Panel Paper:
Automated Census Record Linking: A Machine Learning Approach
Thursday, November 2, 2017
Dusable (Hyatt Regency Chicago)
*Names in bold indicate Presenter
In this paper, I detail a machine learning approach to record linkage to construct longitudinal historical samples. Newly digitized complete historical census records have brought big data to economic history. Linking individuals over time and between databases has opened up avenues for research into intergenerational mobility, the long-run effects of early life conditions, assimilation, discrimination, and the returns to education. To take advantage of these new research opportunities, scholars need to be able to accurately and efficiently match historical records and produce an unbiased dataset of links for analysis. The procedure I propose applies insights from machine learning classification and text comparison to record linkage of historical data.
Linking historical data---without unique identification numbers---is difficult and imprecise, relying on demographic information like name, age, and place of birth. However, these variables may be mismeasured, including transcription errors, spelling mistakes, name changes, or name shortening. Manual linking by a trained researcher yields accurate and comprehensive matches, but at the cost of time and replicability. Prior algorithmic approaches have been developed in the historical literature, but their rigid rules are often quite inefficient---many records go unmatched---and inaccurate in the face of messy historical data. My technique uses supervised learning to train an algorithm to replicate the process of manually matching individual records across sources. I am thus able to increase the speed, accuracy, and consistency of creating historical linked samples.

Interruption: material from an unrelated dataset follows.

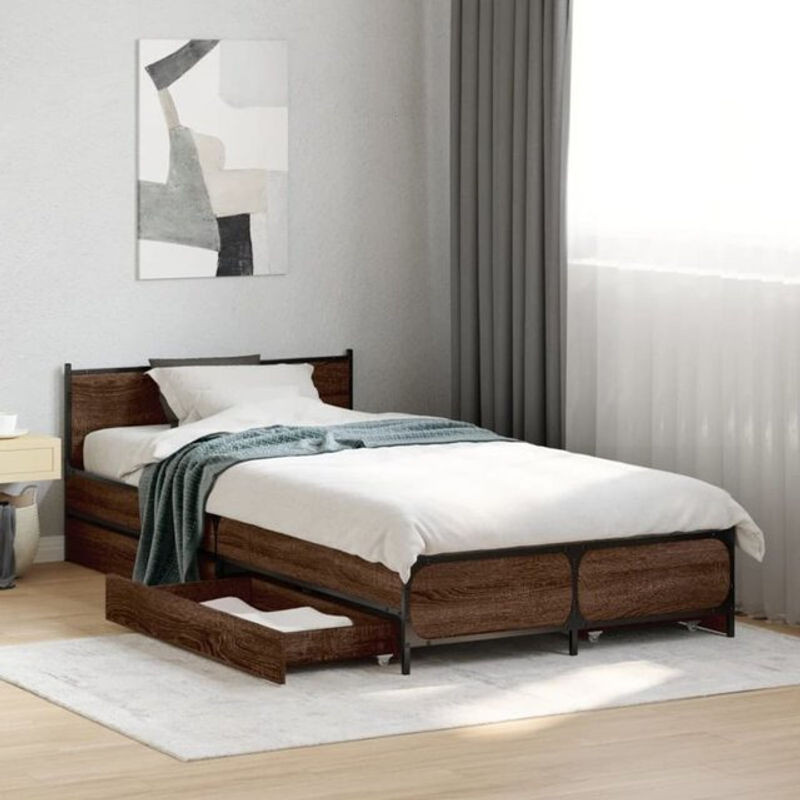 Vidaxl Funktionsbett mit Schubladen in Braun Eichen-Optik, B/T/H: 190 x 75 x 56,5 cm - Bild 1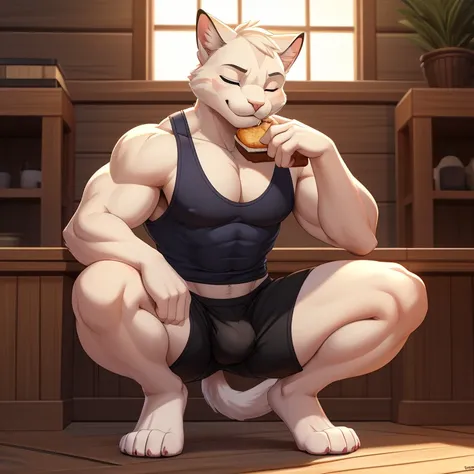 torahiko, solo, blue eyes, muscular, white cat tail, bara, (pose:1.3), (posing:1.3), (soft shading), 4k, hi res, five fingers, detailed hands, ((detailed face, (detailed eyes:1.0), detailed)), (full body), by zackarry911, by zaush, (by personalami:0.5), so...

I detail the specifics of the linking method in the paper but give a brief overview here. I begin by cross matching two census-like datasets and extracting a wide subset of possible matches for each record. I then build a training dataset on a small share of these possible links, manually identifying whether a given record pair is a link or not. This is the data used to tune the matching algorithm. For every record pair, I generate a large set of features---string distance in first and last name, difference in year of birth, Soundex indicators, agreement on middle initial, total possible matches for a given record, etc. When a researcher is making matches manually, each of these features has some weight: differences in last name are penalized more than differences in first names or string differences early in names are penalized more than string differences at the end of names. However, these weights are only implicit, and a researcher might struggle to write them down. The algorithm, observing the features and the match or not-match outcome, attempts to minimize both false positives and false negatives and estimates the weights explicitly, learning the rules used by a well-trained and consistent researcher.